About: Radnor is the writer-director of one of my favorite scripts, which used to be on my Top 25, Happy Thank You More Please. This is his follow-up project, which will star him and new IT girl Lizzie Olsen after her breakout turn in Sundance hit, "Martha Marcy May Marlene," about a girl who grows up on a hippie convent.
Writer: Josh Radnor
Details: 115 pages (This is an early draft of the script. The situations, characters, and plot may change significantly by the time the film is released. This is not a definitive statement about the project, but rather an analysis of this unique draft as it pertains to the craft of screenwriting).
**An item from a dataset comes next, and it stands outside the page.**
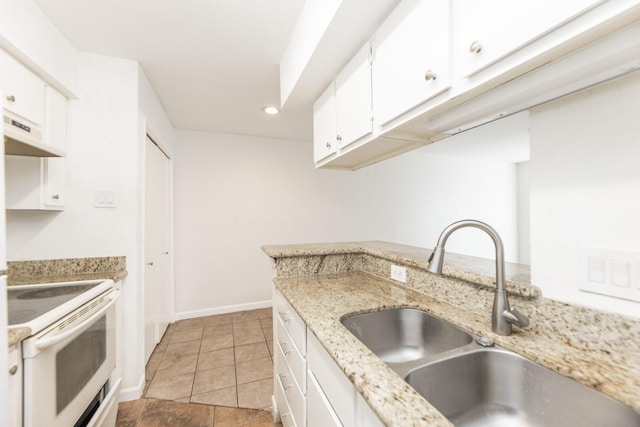 kitchen with white cabinets, light stone counters, white electric stove, and sink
I still can’t get over it. I still can’t handle the fact that an actor making $400,000 an episode on a silly sitcom is also one of the best screenwriters in Hollywood. Don’t agree with me? Okay, let’s narrow the playing field a little. He’s not going to write the next Heat. But there is no one who’s doing the “lost early mid-life crisis” thing better at this moment than Radnor. He’s Cameron Crowe before Elizabethtown. He’s Woody Allen before, well, his last 15 movies. He’s a way more sophisticated Zach Braff. There’s an honesty and an intelligence to his writing that you just don’t see that often. Naturally, I couldn’t wait to read his second script.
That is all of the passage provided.